- Born: John Truman Mantley April 25, 1920 Toronto, Ontario, Canada
- Died: January 14, 2003 (aged 82) Sherman Oaks, California, US
- Spouse: Angela Mantley (1952-2003)

= John Mantley =

Canadian actor and writer

John Truman Mantley (April 25, 1920 – January 14, 2003) was a Canadian theatrical actor, writer, director, screenwriter and producer of the long-running television series, Gunsmoke. He was also Mary Pickford's cousin.

==Family==

Mantley had a sister, eleven years older than himself, who taught dancing well into her eighties. Mantley said that she was "the one born in a (show business) trunk, but strangely enough, I was the one who ended up involved in television and films."

Their father, Cecil Clay Van Manzer, adopted the stage name Clay Mantley. Van Manzer met his wife Violet Petello in 1906 in New York City at the casting of The Convict's Daughter, directed by Maurice Costello. He later wrote playlets which his wife appeared in on the vaudeville circuit.

In later years Van Manzer operated a traveling circus while his wife ran a number of concession stands in a park across the lake from Toronto. Their son John operated the candy booth and at 17 traveled with the carnival, serving as the bingo game barker.

==Childhood==

Reading was Mantley's childhood escape and his dream was to become an actor. While attending St. Catherine's Institute of Vocation School in Toronto, he persuaded a teacher to open a dramatic society, of which he became its first president. "And, therefore", he said, "I got to play the leads in all sorts of marvelous melodramas" in addition to performing as an athlete in high school. He was later president of the Victoria College Dramatic Society, which won international competitions.

==Career==

Mantley trained as a fighter pilot in the Royal Canadian Air Force during World War II, and was sent to England and India. While there he exchanged long letters with his second cousin Mary Pickford, from which later evolved his first novel, The 27th Day. After the war he studied at the Pasadena Playhouse, where he graduated magna cum laude. Earning his master's degree, he subsequently performed in a variety of roles in the legitimate theatre, including the role of Sir Robert Cecil to Jane Cowl's lead in Elizabeth the Great; a two-year summer theatre run of The Hasty Heart, and Summer Smoke with Dorothy McGuire. His final role in legitimate theatre was the lead role in Cyrano de Bergerac at the Kansas City Playhouse.

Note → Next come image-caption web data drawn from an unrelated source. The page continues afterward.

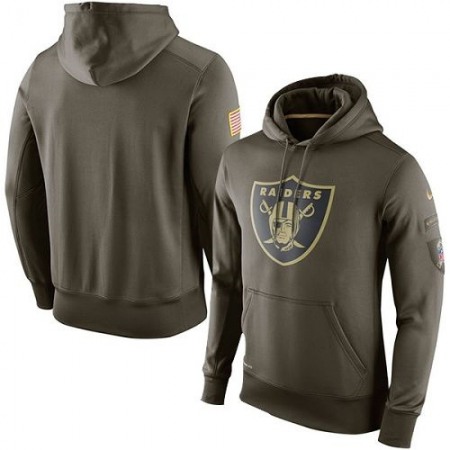 Men's Oakland Raiders Olive Salute To Service KO Performance Hoodie
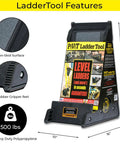 USA made 5-in-1 ladder stabilizer and leveler, featuring a durable polypropylene body with rubber gripper feet and non-skid surface.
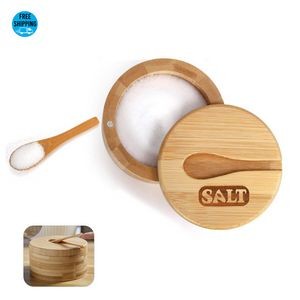 Bamboo Salt Box with Spoon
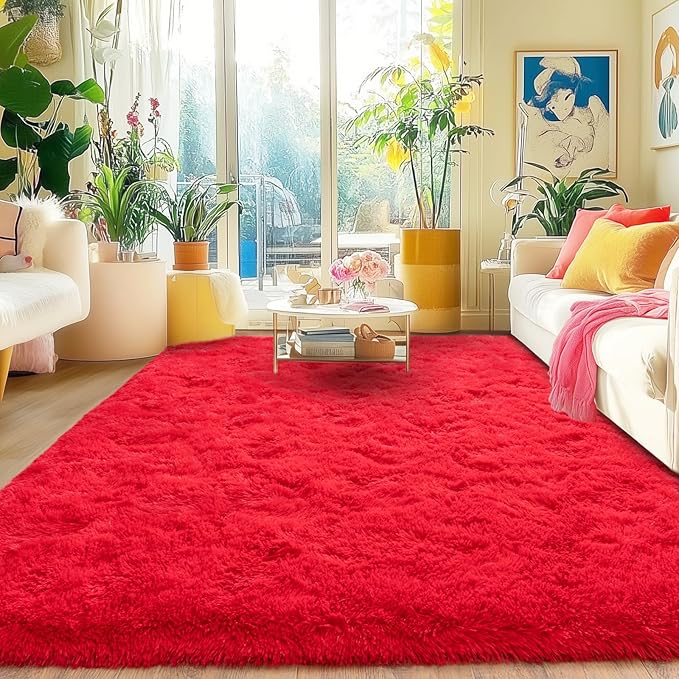 5x7 Rugs for Bedroom Living Room, Soft Plush Shaggy Area Rugs Fluffy Modern Floor Carpet for Kids Girls Room Dorm Nursery Home Decor Aesthetic, Red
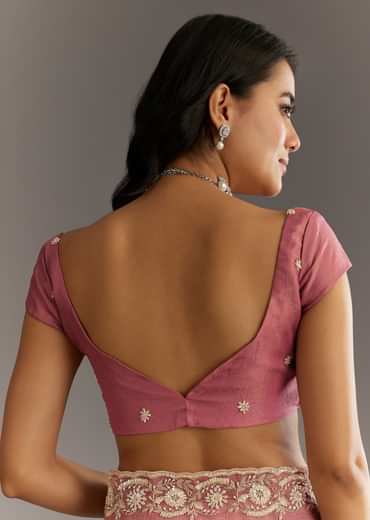 Pink Crushed Tissue Floral Embroidered Saree With Cutdana And Sequins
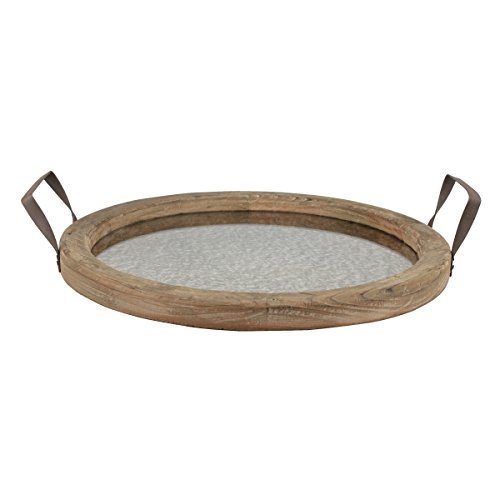 Stonebriar Round Brown Wood Serving Tray with Metal Handles and Distressed Mirror, Rustic Butler Serving Tray, Vintage Centerpiece or Candle Holder, Small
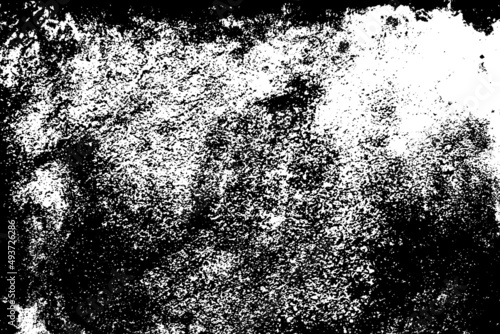 Distressed black texture. Dark grainy texture on white background. Dust overlay textured. Grain noise particles. Rusted white effect. Grunge design elements. Vector illustration, EPS 10.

The actor returned to his native Canada to recover from exhaustion. While there, the United Kingdom issued a tax on American films and "Hollywood went into complete chaos. Entire departments of all the major studios were dismantled and it was really a bad time in the film industry." He had planned to work for Mary Pickford following graduation from Pasadena Playhouse, but she sold both her production companies when it appeared there was no future for the motion picture industry.

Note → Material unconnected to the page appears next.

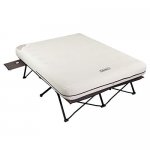 Coleman Cot and Thick Queen Air Mattress Combo Side Tables, Pump Included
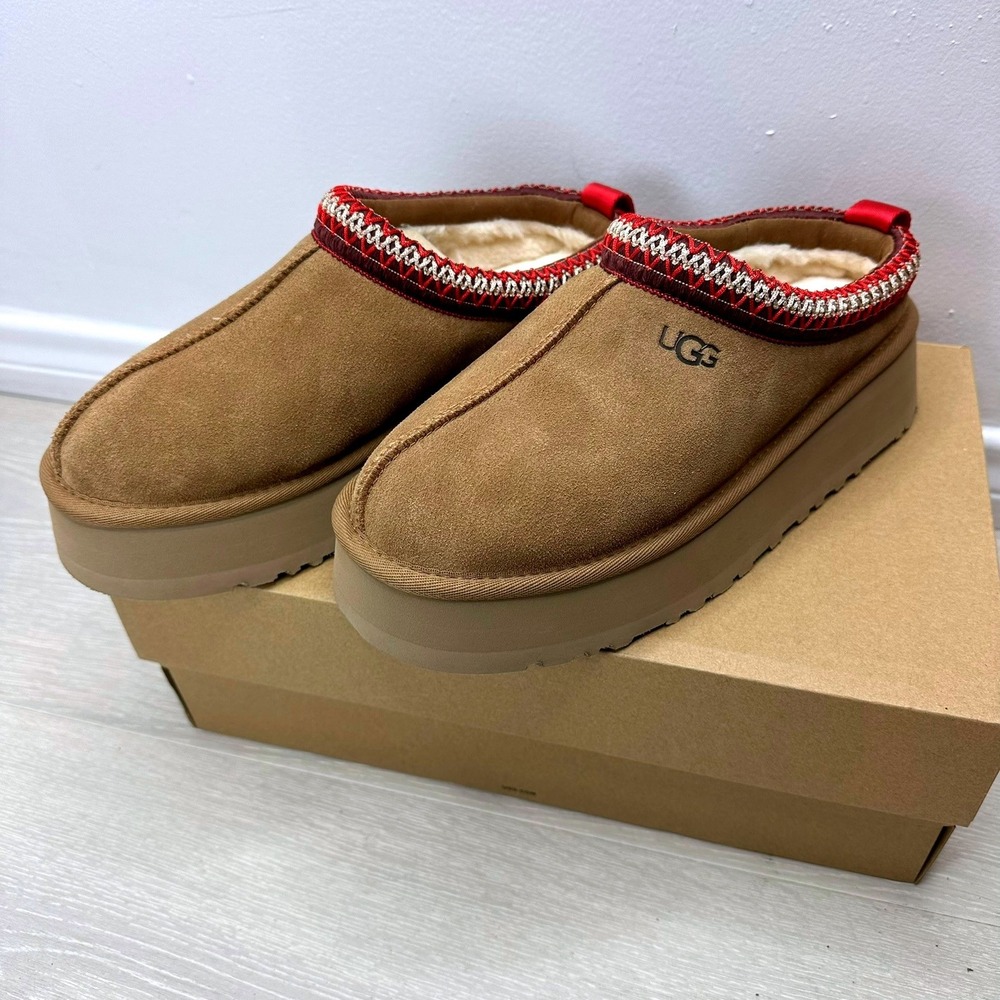 UGG Tazz Platform Slipper Women Size 8 Chestnut 1122553 Comfort Suede Clog - Picture 5 of 11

Mantley worked in radio shows with Lorne Greene, of Bonanza television fame, as well as other actors who later had successful careers. He eventually played the lead on Buckingham Theatre the most prestigious program on Canadian radio's coast-to-coast network. Subsequent acting and directing roles won him provincial and national awards comparable to the American ANTA.

He then returned to California to perform at the La Jolla Playhouse and to New York City, "where I starved", he said. He eventually played the leads in a number of shows produced by Harvey Marlow, and assumed his job as producer of television station WOR. There he produced "Mr. & Mrs. Mystery", written by John Gay, who later won an Oscar for Separate Tables.

The Canadian actor also produced the first foreign language television show in the U.S., starring an all-Italian cast, and he changed his name for the show to Giovanni Mantley. During his time at WOR, Mantley began to write for television and edited scripts from university students because the station could not afford a writer. He then spent four years in Rome, where he produced and directed a series of 39 successful half-hour dramatic anthologies for American television, a pioneering effort which played in some 200 markets.

The first of Mantley's three children was born in Italy, where the couple managed to financially survive because John's wife Angela did the voiceovers—post synchronization of the voices of Gina Lollobrigida and Sophia Loren, among others. Mantley said that he translated Italian films into English by the lip synching process because American audiences would not accept subtitles, "and because at that time the American motion picture industry would not sell their films to television because they were trying to destroy the media."

When the Mantleys returned to California, he began his writing career, turning out a number of short stories and articles. He wrote his first novel, The 27th Day, which became a "Book of the Month Club" selection and was adapted to film for Columbia Pictures. At Mary Pickford's urging, he then wrote The Snow Birch, which was produced by 20th Century Fox as Woman Obsessed starring Susan Hayward.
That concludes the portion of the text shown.